[7.17][Security Solution][Endpoint] Fix artifact path file name checking utility

[paul-tavares]

Summary

• Fixes a bug in the RegExp of the hasSimpleExecutableName() utility that was causing an infinite loop when used from Artifact Manifest manager and in turn preventing access to the entire Kibana system.

About the bug:

With long paths defined with the matches operator defined for a Trusted App, BUT having no wildcards in the path, the artifact builder task does not complete and causes a Kibana TLS handshake timeout.

Checklist

• Unit or functional tests were updated or added to match the most common scenarios

[elasticmachine]

Pinging @elastic/security-onboarding-and-lifecycle-mgt (Team:Onboarding and Lifecycle Mgt)

[ashokaditya]

This can also be return !/[\*\?]/.test(lastString), but I think the current one reads better.

[kobelb]

Could we use https://github.com/uhop/node-re2 here instead of the built-in RegExp library to further protect ourselves?

[paul-tavares]

Hi @kobelb - thanks for the comment. The change here (almost all of it) is actually a copy of the code in main - we had already altered this method in main for 8.2 and we know it works. Do you know if node-re2 can be used both in browser and server side? this utility method is used in both.

[kevinlog]

@kobelb - we removed the RegEx here entirely for this 7.17.4 patch which goes out soon.

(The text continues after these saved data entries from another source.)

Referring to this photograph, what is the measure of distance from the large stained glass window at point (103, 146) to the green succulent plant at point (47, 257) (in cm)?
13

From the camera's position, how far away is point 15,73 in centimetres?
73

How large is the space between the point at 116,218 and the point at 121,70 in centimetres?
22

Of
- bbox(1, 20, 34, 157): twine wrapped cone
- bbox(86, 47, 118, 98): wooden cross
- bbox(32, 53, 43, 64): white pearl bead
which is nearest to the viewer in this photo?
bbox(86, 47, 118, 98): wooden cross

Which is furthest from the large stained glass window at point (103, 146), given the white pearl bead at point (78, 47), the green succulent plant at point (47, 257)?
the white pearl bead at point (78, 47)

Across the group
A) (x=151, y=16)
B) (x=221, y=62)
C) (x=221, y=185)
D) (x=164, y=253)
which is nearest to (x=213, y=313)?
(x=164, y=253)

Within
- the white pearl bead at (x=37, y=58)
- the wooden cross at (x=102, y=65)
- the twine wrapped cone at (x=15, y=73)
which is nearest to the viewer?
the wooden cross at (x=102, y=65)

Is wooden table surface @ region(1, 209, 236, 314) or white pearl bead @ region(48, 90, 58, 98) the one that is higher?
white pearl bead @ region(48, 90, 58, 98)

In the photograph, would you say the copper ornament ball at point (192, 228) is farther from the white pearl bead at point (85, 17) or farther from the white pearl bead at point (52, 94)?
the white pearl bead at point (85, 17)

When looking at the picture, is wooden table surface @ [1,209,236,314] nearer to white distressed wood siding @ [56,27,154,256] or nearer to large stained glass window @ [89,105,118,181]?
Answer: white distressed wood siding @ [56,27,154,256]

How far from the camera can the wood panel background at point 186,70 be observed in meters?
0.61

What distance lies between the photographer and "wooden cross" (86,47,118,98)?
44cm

We'll look into node-re2 when we've got a bit more time.

Related change: 0dc084b

[dasansol92]

Can we add a test case with a very large path?

[paul-tavares]

yeah, I forgot about that. I'll add one next.

[dasansol92]

Would like to see how it looks with the re2 package suggested but other than that it LGTM!

[kibana-ci]

💚 Build Succeeded

• Buildkite Build
• Commit: 0dc084b
• Storybooks Preview

Metrics [docs]

Async chunks

Total size of all lazy-loaded chunks that will be downloaded as the user navigates the app

id	before	after	diff
securitySolution	4.6MB	4.6MB	-12.0B

To update your PR or re-run it, just comment with:
@elasticmachine merge upstream

cc @paul-tavares

[kevinlog]

Checked it out and tried it.

Added several long paths with and without * with the MATCHES operator and all worked as expected.

Ex:

• C:\ProgramData\Package Cache\sdfsds\Installers\WimMountAdkSetupAmd64.exe
• C:\ProgramData\Package Cache\fefeef\Installers\asdasd\asdasdasd\asdasdasd\asdasdasdds\sdsds\dssd\sd\ad\dcsdsas\ds\a\sd\sasd\asdasdas\asdas\sdsdsdsd\sdsdssdsd\sd\wswswsws\asdas\asdasda\sd\WimMountAdkSetupAmd64.exe
• C:\ProgramData\Package Cache\dwdwdw\Installers\asdasd\asdasdasd\asdasdasd\asdasdasdds\sdsds\dssd\sd\ad\dcsdsas\ds\a\sd\sasd\asdasdas\asdas\sdsdsdsd\sdsdssdsd\sd\wswswsws\asdas\asdasda\sd\*\asdasdasdas\asda\dsasd\sasdas\asda\asda\asd\asdasdasdas\asdasdas\dsdsdsd\wwsws\dsaw\dsaw\dswdwd\asdw\asdw\asdw\asd\sx\s\dw\asdwasdw\sdsdawdsdwd\asdwdasdws\s\wdasdw\sdsawedasd\wasdw\asdw\asd\wad\wasd\wdwddwdwd\asd\asd\wdsa\wdasdsdwasd\dwasdwdasdw\asdwasdawdas\wdasdwasdw\WimMountAdkSetupAmd64.exe
• C:\ProgramData\Package Cache\dwdwd\Installers\asdasd\asdasdasd\asdasdasd\asdasdasdds\sdsds\dssd\sd\ad\dcsdsas\ds\a\sd\sasd\asdasdas\asdas\sdsdsdsd\sdsdssdsd\sd\wswswsws\asdas\asdasda\sd\sdsqwdasdwd\asdasdasdas\asda\dsasd\sasdas\asda\asda\asd\asdasdasdas\asdasdas\dsdsdsd\wwsws\dsaw\dsaw\dswdwd\asdw\asdw\asdw\asd\sx\s\dw\asdwasdw\sdsdawdsdwd\asdwdasdws\s\wdasdw\sdsawedasd\wasdw\asdw\asd\wad\wasd\wdwddwdwd\asd\asd\wdsa\wdasdsdwasd\dwasdwdasdw\asdwasdawdas\wdasdwasdw\WimMountAdkSetupAmd64.exe

LGTM!

EDIT:

I also verified that regular, expected wildcard scenarios still work in Trusted Apps with mimikatz.